> _What you should do_:
Give the data again exactly as written, without any of its pictures.

> _Data records_:
* * * *

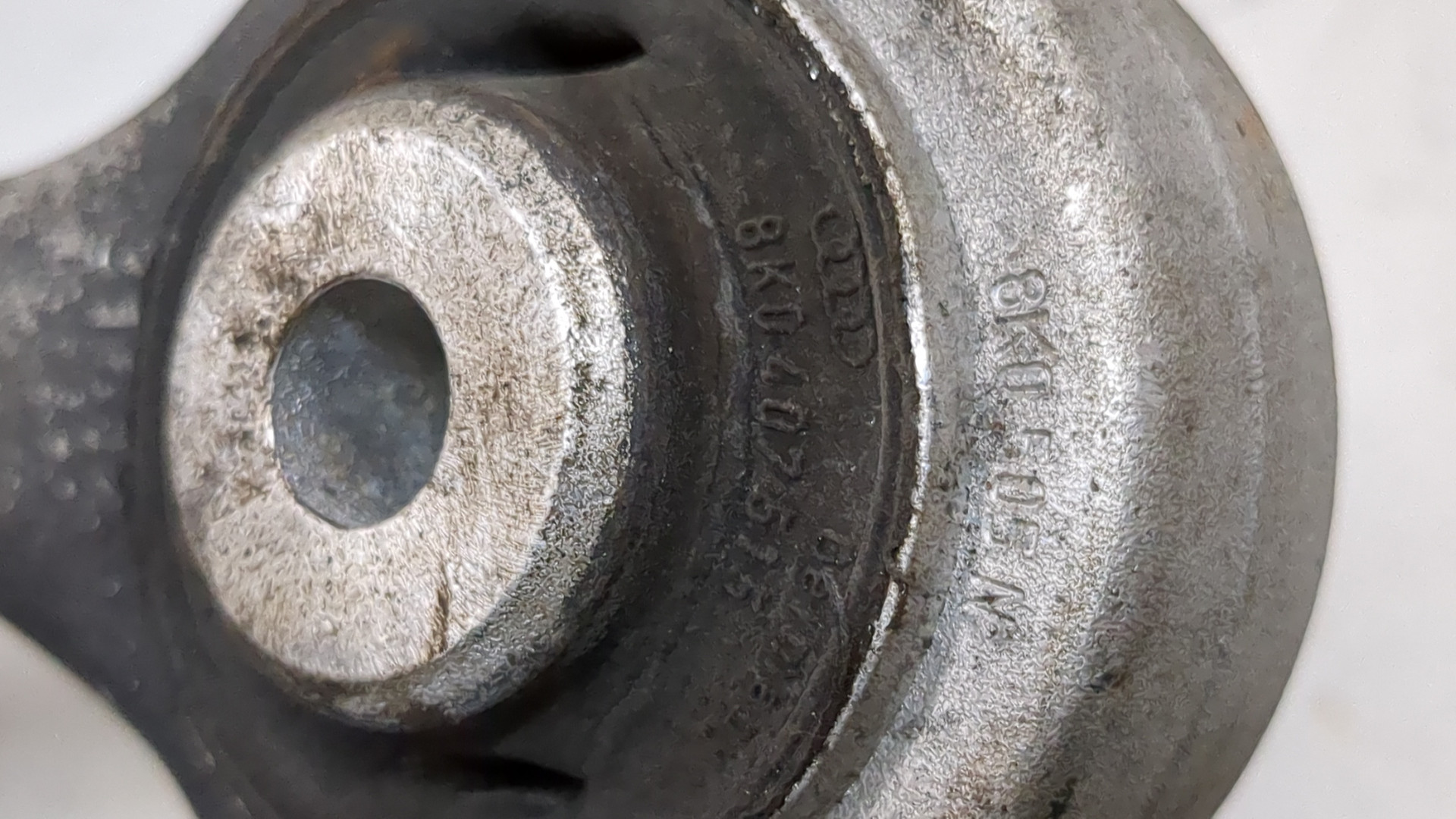 Рычаг передний левый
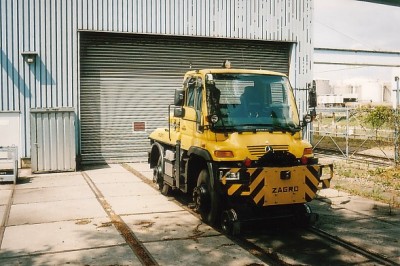 2-Wege-Unimog U400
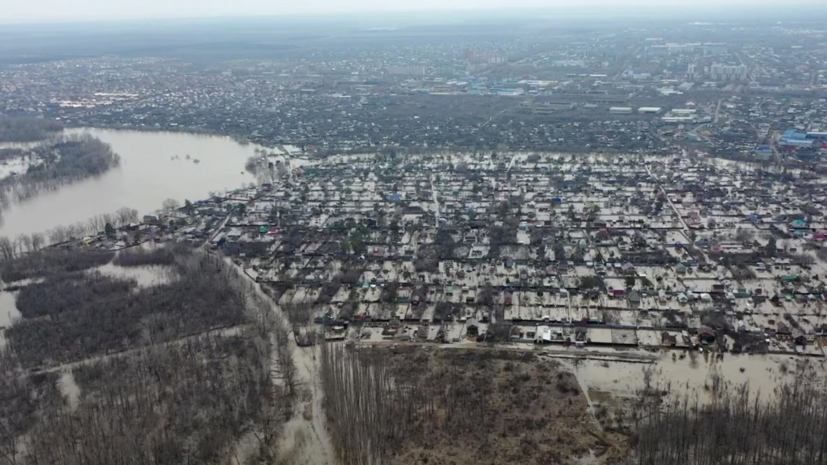 В Оренбурге за сутки подтопило ещё тысячу домов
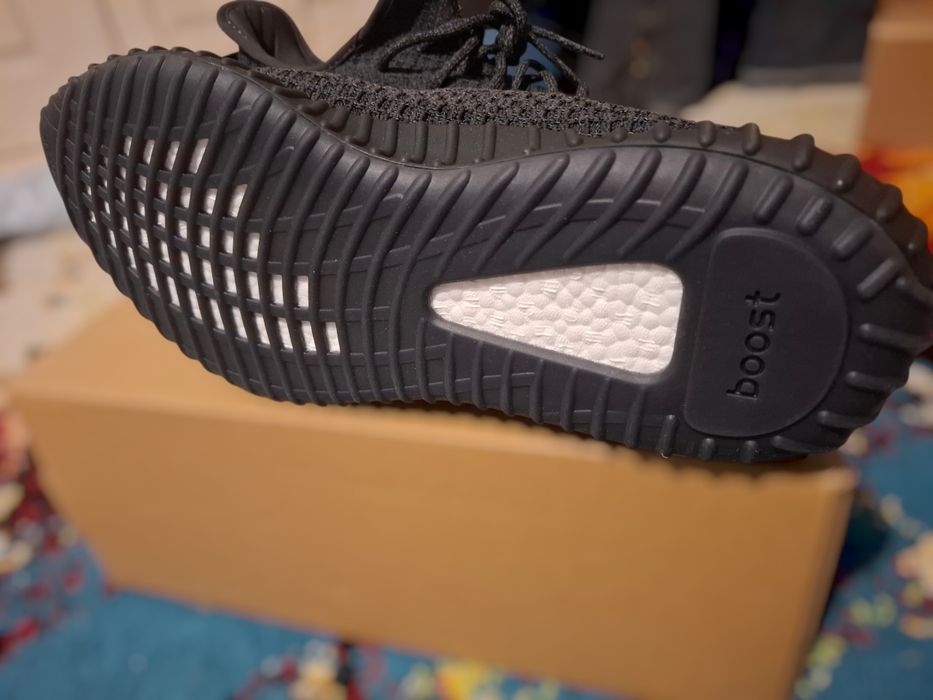Adidas yeezy 350 black reflective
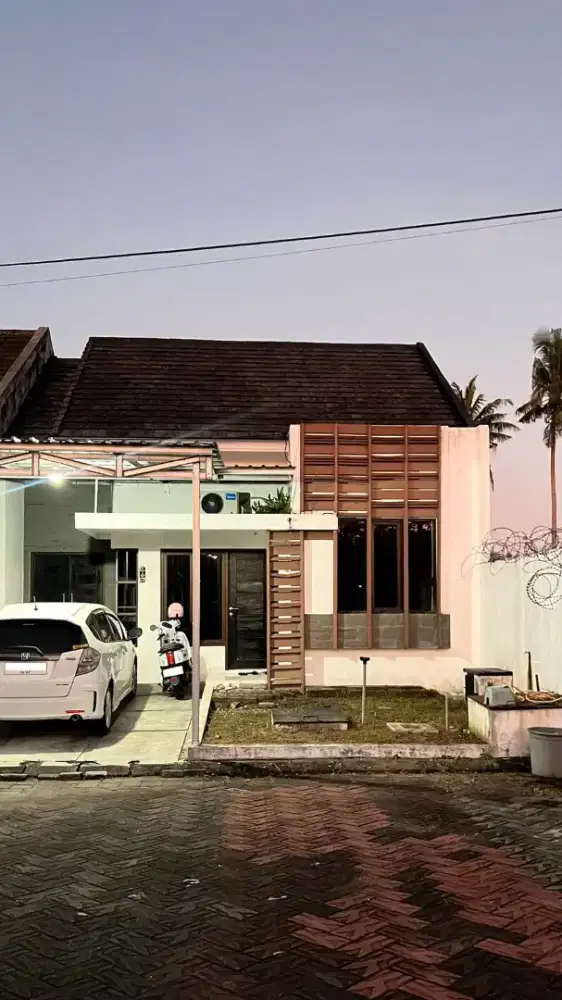 Dikontrakan Rumah Siap Huni Dalam Perumahan Cluster 2 KT + 2 KM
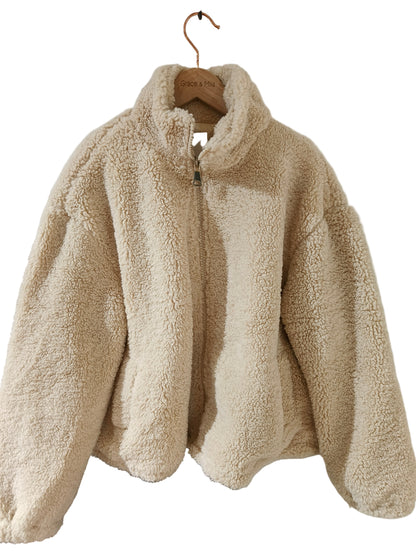 Teddytakki luonnonvalkoinen-Takit/Jakut-Peura Collection-Lahja ja sisustus Pussukka Katariina Home Oy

* * * *

> _Finished exercise_:
 Рычаг передний левый
 2-Wege-Unimog U400
 В Оренбурге за сутки подтопило ещё тысячу домов
Adidas yeezy 350 black reflective
 Dikontrakan Rumah Siap Huni Dalam Perumahan Cluster 2 KT + 2 KM
 Teddytakki luonnonvalkoinen-Takit/Jakut-Peura Collection-Lahja ja sisustus Pussukka Katariina Home Oy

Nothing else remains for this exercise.